====== Data provided

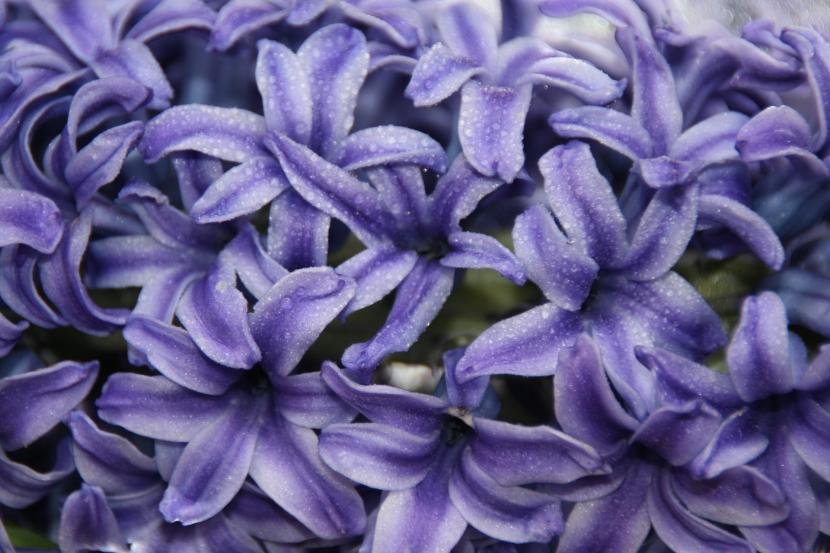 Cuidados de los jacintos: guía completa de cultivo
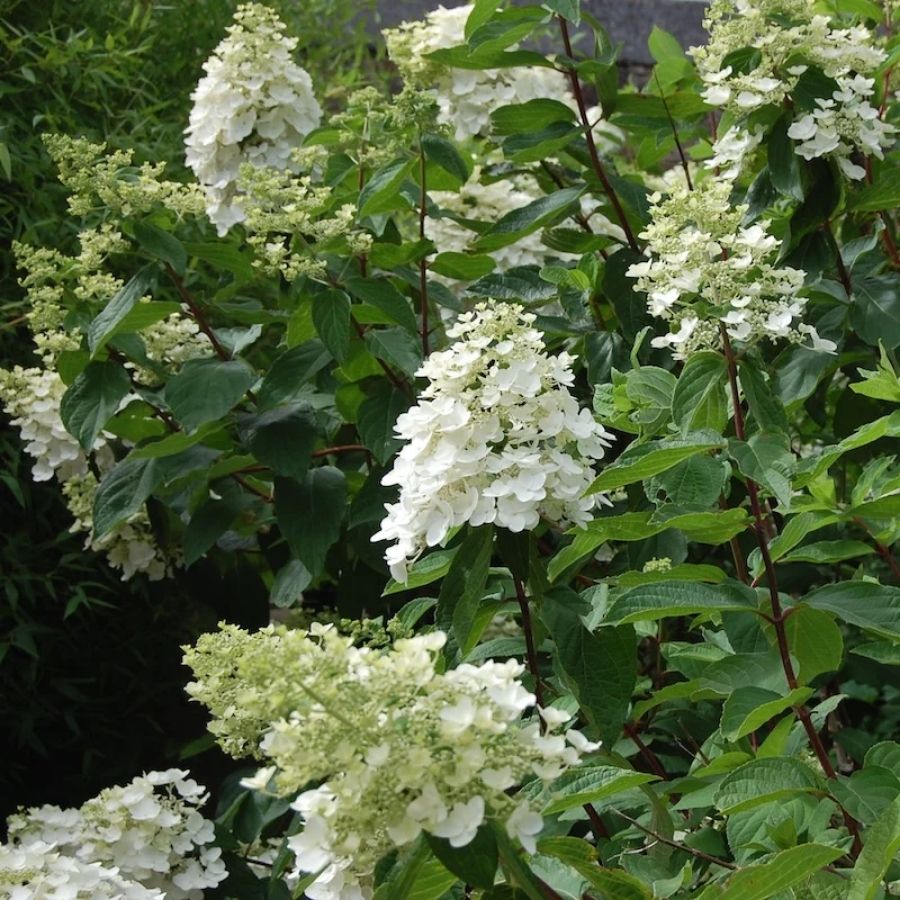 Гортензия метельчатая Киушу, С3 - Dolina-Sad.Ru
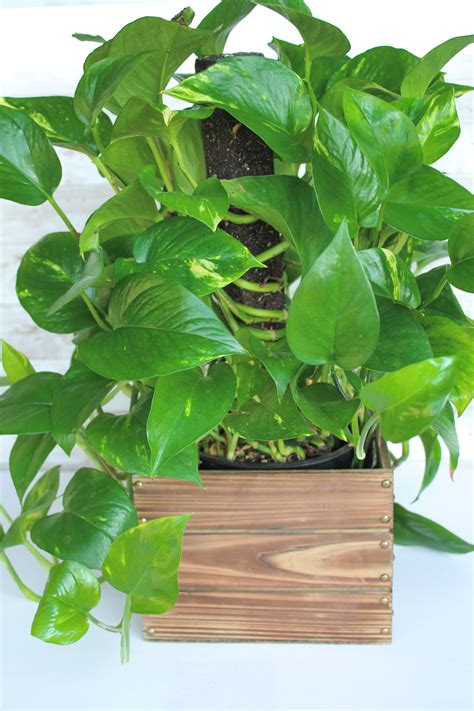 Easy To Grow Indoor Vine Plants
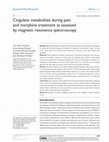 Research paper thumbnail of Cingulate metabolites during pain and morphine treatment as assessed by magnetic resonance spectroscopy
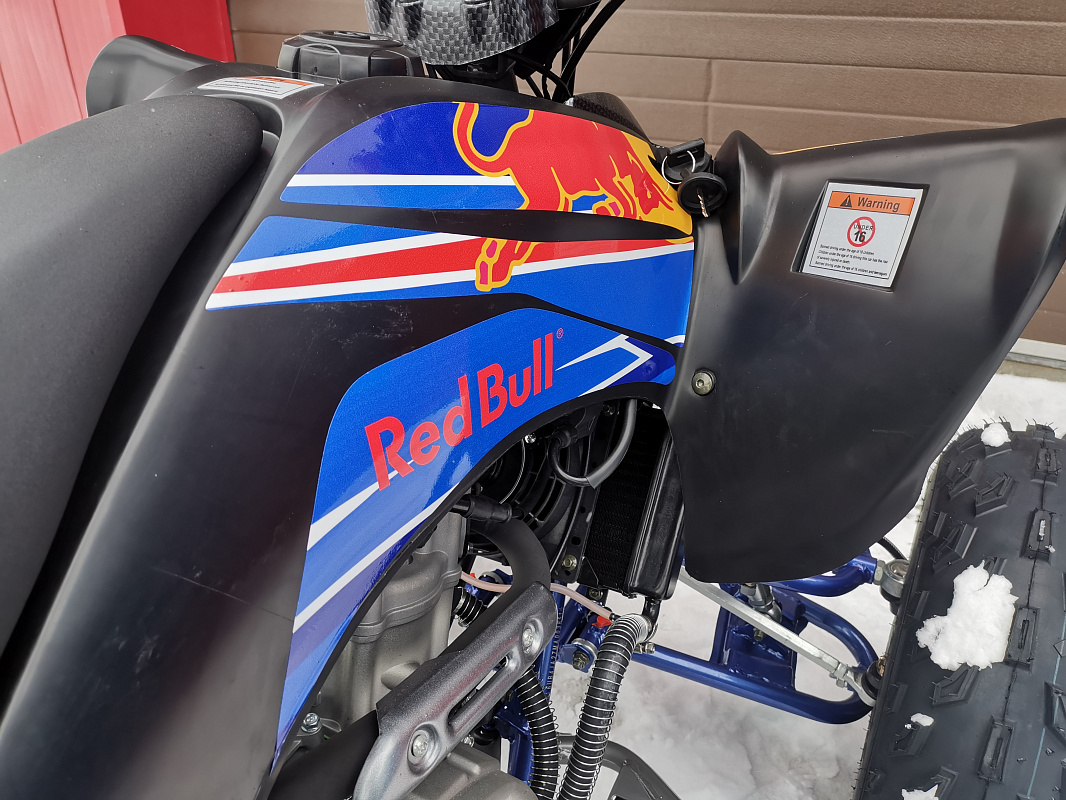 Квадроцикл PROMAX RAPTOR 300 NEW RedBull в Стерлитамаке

============

What the task requires:
Repeat word for word, and nothing more, the lines between the line containing "Гортензия метельчатая Киушу, С3" and the last line of the records above, inclusive, without pictures.

Result of this exercise:
 Гортензия метельчатая Киушу, С3 - Dolina-Sad.Ru
 Easy To Grow Indoor Vine Plants
 Research paper thumbnail of Cingulate metabolites during pain and morphine treatment as assessed by magnetic resonance spectroscopy
 Квадроцикл PROMAX RAPTOR 300 NEW RedBull в Стерлитамаке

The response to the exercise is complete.